Through friendship and community, I engaged with several Caribbean-Latinx individuals as a vessel of strength and assurance. My friends, Nautica, Martin, and Andre, are individuals wanting to unfold the richness of their identities and create bonds within our community. Before each photo session, I sat down with each person and had an intimate conversation about what cultural identity means to them? And how they envision their experience being portrayed? While also considering the use of visual markers like; location, clothing, expression, and objects. 

In pursuing this project, I wanted to rework the idea of a ‘subject’, and strive towards a collaborative relationship with the people I photographed. Allowing for them to have control over their own narratives and be portrayed as unique and intersectional beings, each expressing a personal sense of self. The photographs are intended as a means of reimagining the diaspora experience and understanding that cultural identity is both a matter of becoming and being. In Stuart Hall’s “Cultural Identity and Diaspora”, he claims that diaspora requires the recognition of difference, which is defined by the understanding of identity that lives and exists with hybridity. Diaspora identities are constantly producing and reproducing themselves anew through transformational change and difference. I Exist Therefore I Am hopes to portray the beauty of diversity that is the Caribbean-Latinx diaspora. 

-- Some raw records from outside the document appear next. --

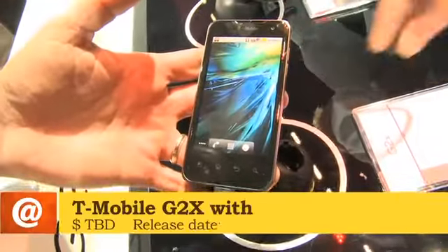This is actually called the T-Mobile G2X with Google by LG — that's the name we actually refer to. A beautiful handset.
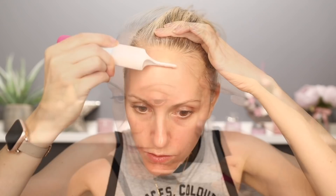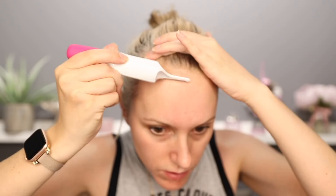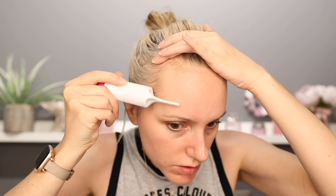Next tip: dermaplaning, dermablading, shaving the face — however you want to describe it. I love it. I dermaplane at least once every three weeks. It just creates the smoothest canvas for my makeup to sit on. This is removing the peach fuzz from the surface of the skin — those little hairs that grow from the face. This will give you the smoothest canvas and will also help your skincare sink into the skin much, much faster. And if you are female, this will not grow back thicker.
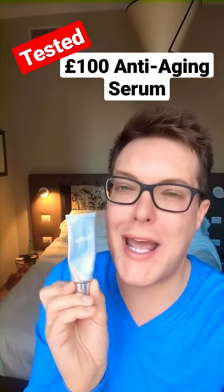For those of you that have been with the channel some time, you'll know I am drugstore to my core. I hate overpaying for skincare and I always look for the cheapest possible formulations to deliver my skin goals. However, this is a product that gets an awful lot of hype and I was really keen to try it out.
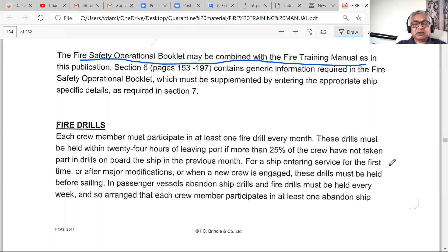For ships entering service for the first time — where you have 100% new crew — the drill must definitely be done before sailing. When 25% of the crew changes you have up to 24 hours after sailing, but preferably in port. When it is a brand new ship or a newly purchased vessel where everybody is new, the drill must be done before sailing.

What does it mean to think about cultural identity in terms of performativity? Considering the complicated balance between showing the visible and invisible, I purposefully used performance as a means of challenging the way we think about diasporic Blackness. By photographing Black individuals expressing their relationship to culture, it acts as a means of challenging hegemonic norms set in the past. As John T. Warren writes, “Performativity makes space for possibility and in that lies its strength”. The possibility being the reimagination of the Black diaspora and in this case the Caribbean-Latinx community. Reframing our understanding of the hierarchies of belonging, the work takes on the process of reiteration, reiterating portraiture that interrupts the subjectivity of the viewer. I Exist Therefore I Am establishes a new representation of identity, offering a way of destabilizing restrictive notions of race, culture, and belonging.